→ **Dataset**
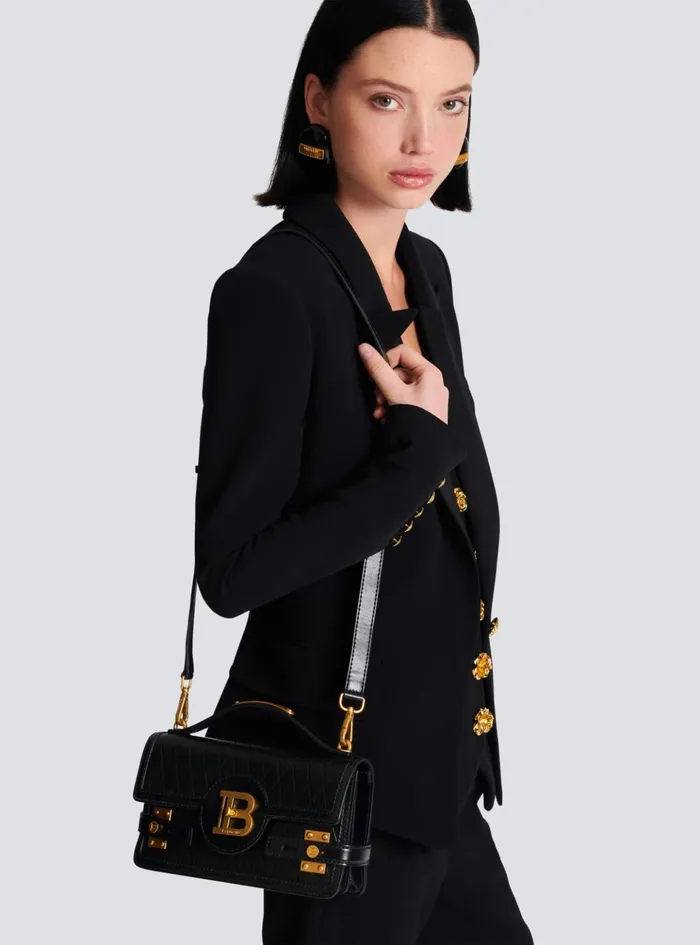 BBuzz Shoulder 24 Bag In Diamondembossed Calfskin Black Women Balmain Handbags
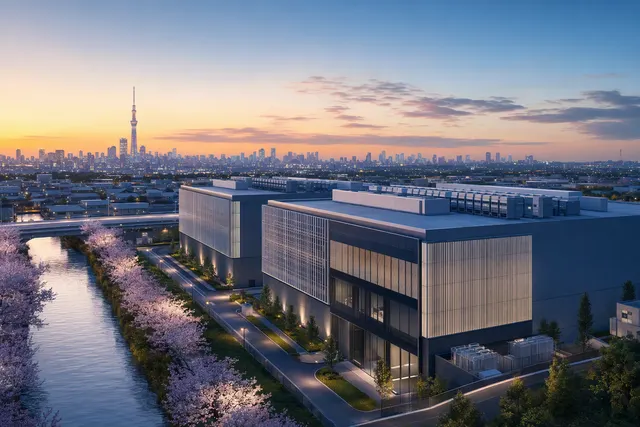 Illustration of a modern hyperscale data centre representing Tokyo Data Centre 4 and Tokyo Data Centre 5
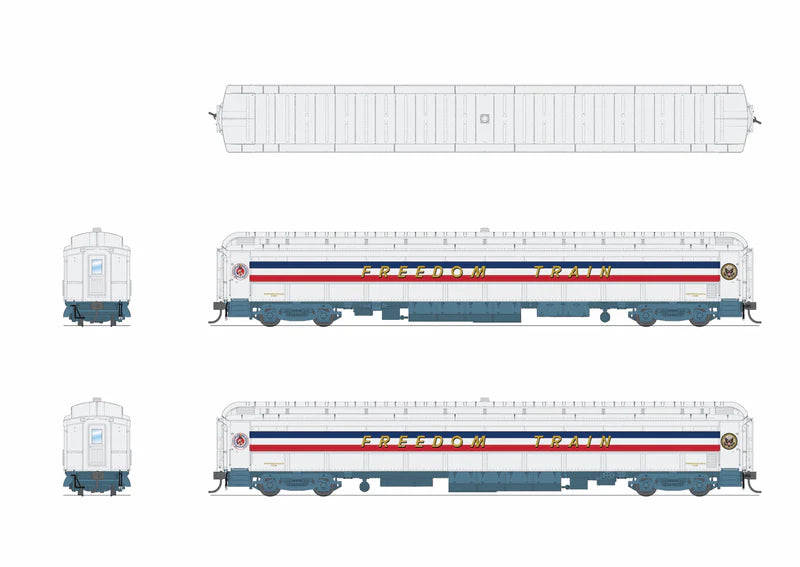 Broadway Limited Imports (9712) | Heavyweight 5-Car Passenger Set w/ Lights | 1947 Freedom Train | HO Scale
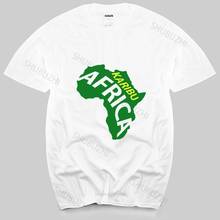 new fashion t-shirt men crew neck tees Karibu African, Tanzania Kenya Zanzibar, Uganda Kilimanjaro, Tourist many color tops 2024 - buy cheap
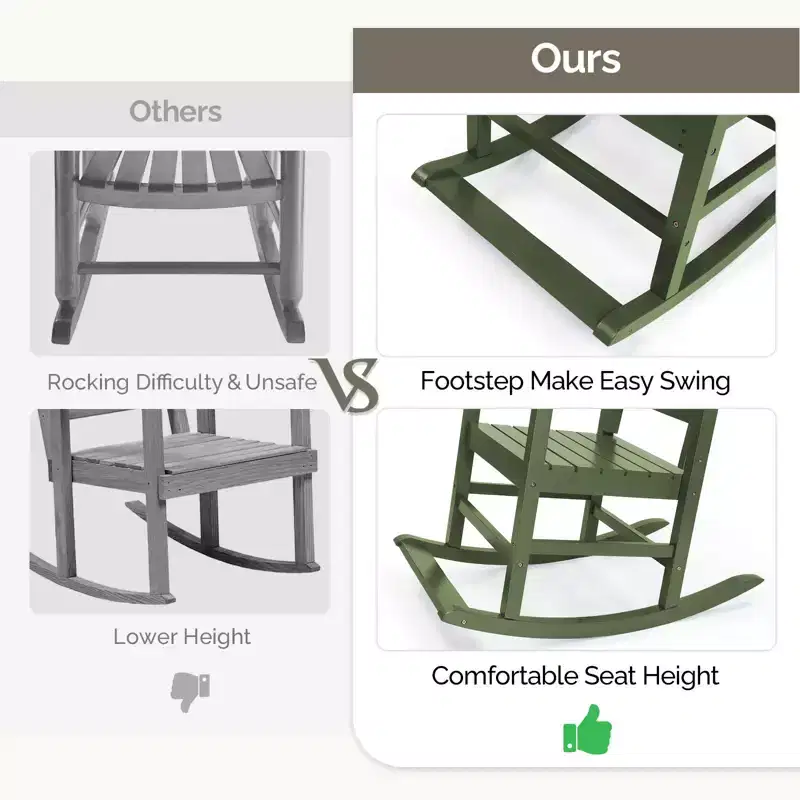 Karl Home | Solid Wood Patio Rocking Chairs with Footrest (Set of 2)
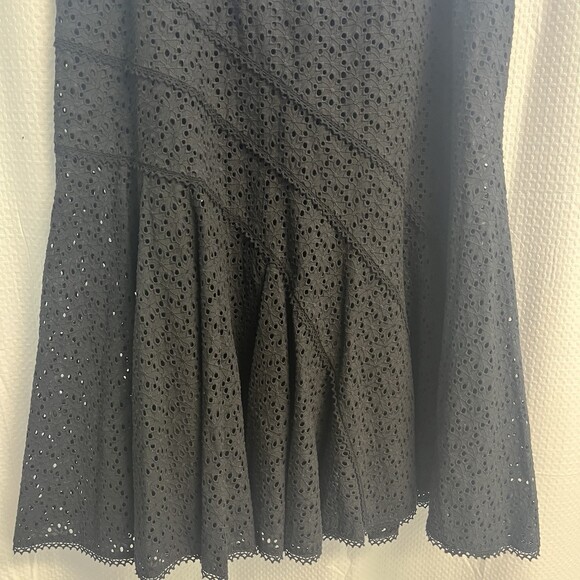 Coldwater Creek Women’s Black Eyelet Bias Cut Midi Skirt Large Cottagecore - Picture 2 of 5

→ **Work to complete**
Quote the records in full and exactly; skip any image.

→ **Answer to this problem**
 BBuzz Shoulder 24 Bag In Diamondembossed Calfskin Black Women Balmain Handbags
 Illustration of a modern hyperscale data centre representing Tokyo Data Centre 4 and Tokyo Data Centre 5
 Broadway Limited Imports (9712) | Heavyweight 5-Car Passenger Set w/ Lights | 1947 Freedom Train | HO Scale
 new fashion t-shirt men crew neck tees Karibu African, Tanzania Kenya Zanzibar, Uganda Kilimanjaro, Tourist many color tops 2024 - buy cheap
 Karl Home | Solid Wood Patio Rocking Chairs with Footrest (Set of 2)
 Coldwater Creek Women’s Black Eyelet Bias Cut Midi Skirt Large Cottagecore - Picture 2 of 5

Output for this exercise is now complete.